Quant aux trois personnalités qualifiées qui « assistent » aux séances, le décret indique qu'elles sont nommées pour trois ans sur proposition du Quai d'Orsay après avis des ministres représentés au sein de l'instance. Le texte précise encore que le conseil d'administration peut « inviter toute personne concernée par l'ordre du jour à assister à ses délibérations ».

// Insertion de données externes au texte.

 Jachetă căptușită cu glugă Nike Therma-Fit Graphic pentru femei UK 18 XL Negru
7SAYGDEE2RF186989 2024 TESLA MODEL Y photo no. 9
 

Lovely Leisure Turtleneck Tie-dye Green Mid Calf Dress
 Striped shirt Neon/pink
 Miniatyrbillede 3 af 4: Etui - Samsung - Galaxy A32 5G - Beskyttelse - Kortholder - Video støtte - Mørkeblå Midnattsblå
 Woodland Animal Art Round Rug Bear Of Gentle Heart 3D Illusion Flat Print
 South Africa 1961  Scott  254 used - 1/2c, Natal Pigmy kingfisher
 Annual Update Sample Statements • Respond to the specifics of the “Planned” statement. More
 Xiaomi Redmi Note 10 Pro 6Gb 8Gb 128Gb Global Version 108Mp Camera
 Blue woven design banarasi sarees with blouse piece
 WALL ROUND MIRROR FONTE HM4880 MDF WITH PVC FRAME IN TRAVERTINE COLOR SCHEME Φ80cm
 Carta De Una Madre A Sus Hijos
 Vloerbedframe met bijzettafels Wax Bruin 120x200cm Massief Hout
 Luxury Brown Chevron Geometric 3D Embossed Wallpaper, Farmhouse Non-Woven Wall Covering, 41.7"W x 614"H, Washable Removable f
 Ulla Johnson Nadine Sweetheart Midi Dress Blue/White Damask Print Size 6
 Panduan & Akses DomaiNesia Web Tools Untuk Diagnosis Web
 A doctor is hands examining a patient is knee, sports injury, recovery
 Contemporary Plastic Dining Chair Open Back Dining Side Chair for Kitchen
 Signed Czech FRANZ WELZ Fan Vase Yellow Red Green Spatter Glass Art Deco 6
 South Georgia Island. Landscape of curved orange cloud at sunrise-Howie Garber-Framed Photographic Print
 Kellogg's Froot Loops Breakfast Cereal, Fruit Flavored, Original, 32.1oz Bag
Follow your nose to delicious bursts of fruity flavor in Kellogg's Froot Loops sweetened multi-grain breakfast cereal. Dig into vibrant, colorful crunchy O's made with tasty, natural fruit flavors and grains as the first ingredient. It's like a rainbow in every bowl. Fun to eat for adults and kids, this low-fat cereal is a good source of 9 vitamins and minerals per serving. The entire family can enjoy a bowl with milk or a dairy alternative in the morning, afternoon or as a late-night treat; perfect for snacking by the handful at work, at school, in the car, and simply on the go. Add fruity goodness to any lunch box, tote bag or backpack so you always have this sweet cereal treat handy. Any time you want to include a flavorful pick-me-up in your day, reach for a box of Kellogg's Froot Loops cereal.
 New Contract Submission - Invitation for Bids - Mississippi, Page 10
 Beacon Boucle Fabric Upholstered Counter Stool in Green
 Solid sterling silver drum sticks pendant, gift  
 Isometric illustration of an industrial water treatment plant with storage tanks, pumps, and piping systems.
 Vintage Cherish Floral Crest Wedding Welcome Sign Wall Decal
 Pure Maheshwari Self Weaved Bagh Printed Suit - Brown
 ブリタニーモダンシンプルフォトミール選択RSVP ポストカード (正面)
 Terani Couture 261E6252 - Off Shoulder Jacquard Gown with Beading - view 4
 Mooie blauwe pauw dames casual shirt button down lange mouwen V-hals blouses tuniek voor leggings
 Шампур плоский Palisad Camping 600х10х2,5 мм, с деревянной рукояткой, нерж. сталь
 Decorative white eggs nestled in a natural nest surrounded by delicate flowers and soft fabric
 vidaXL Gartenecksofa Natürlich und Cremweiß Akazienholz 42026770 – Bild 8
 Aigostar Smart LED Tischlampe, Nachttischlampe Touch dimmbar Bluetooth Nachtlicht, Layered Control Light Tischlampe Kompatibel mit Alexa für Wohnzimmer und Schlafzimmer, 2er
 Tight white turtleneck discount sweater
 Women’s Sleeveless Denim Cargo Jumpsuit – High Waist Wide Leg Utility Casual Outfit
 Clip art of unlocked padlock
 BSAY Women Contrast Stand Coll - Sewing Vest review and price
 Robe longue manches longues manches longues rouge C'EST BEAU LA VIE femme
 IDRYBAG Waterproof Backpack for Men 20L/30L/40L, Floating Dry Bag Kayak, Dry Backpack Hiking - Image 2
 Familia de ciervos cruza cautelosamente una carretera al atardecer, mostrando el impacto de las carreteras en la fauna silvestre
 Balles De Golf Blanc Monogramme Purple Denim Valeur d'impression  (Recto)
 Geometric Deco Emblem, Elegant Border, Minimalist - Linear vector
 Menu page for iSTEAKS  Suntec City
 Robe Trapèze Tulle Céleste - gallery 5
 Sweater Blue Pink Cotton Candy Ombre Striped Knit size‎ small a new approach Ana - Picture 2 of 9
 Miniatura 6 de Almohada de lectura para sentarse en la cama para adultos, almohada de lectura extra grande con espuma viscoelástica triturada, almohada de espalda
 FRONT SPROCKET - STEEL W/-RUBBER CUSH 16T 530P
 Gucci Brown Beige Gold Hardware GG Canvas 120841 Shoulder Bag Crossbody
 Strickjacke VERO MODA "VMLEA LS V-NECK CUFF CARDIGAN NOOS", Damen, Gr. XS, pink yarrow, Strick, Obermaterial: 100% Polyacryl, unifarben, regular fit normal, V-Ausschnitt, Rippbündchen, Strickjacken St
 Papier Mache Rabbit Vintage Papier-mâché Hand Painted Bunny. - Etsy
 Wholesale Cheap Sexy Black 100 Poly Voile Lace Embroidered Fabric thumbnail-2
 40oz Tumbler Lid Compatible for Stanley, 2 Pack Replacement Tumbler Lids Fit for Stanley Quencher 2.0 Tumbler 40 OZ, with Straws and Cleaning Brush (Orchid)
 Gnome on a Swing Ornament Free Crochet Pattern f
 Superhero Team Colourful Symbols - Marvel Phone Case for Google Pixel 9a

La loi ne faisait que le sous-entendre mais le décret l'écrit aujourd'hui noir sur blanc : au-delà des décisions de rejet, la commission des recours des réfugiés peut désormais être saisie des décisions de l'office accordant le bénéfice de l'asile. Elle est également compétente pour statuer sur les recours :
formés contre les décisions de l'office prises à la suite d'une procédure retirant ou mettant fin au bénéfice de l'asile ;
formés contre les décisions portant rejet d'une demande de réexamen ;
en révision dans le cas où il est soutenu que la décision de la commission a résulté d'une fraude.
Dans cette dernière hypothèse, le recours doit être exercé dans le délai de deux mois après que la fraude a été constatée. Dans les trois autres cas, les recours doivent être exercés dans le mois suivant la notification de la décision de l'office.
Le décret revient encore sur la nouvelle possibilité offerte par la loi aux présidents des différentes sections de la commission des recours des réfugiés, ainsi qu'au président de la commission lui-même, de régler par ordonnances les recours « ne présentant aucun élément sérieux susceptible de remettre en cause les motifs de la décision de l'OFPRA ». Sans donner plus de précision sur la notion d'absence d' « élément sérieux », le texte spécifie simplement que cette ordonnance ne peut être prise « qu'après étude du dossier par un rapporteur ».
(1) Voir ASH n° 2340 du 2-01-04.
(2) Voir ASH n° 2345 du 6-02-04.
(3) Sur les réactions associatives, voir ce numéro.
(4) Il devra alors, avant tout, poser une nouvelle demande d'admission au séjour.
(5) Pour mémoire, la protection subsidiaire peut être accordée aux étrangers qui, bien que menacés dans leur pays, ne peuvent prétendre au statut de réfugié prévu par la convention de Genève.
(6) Décret du 19 août 2004, J.O. du 20-08-04.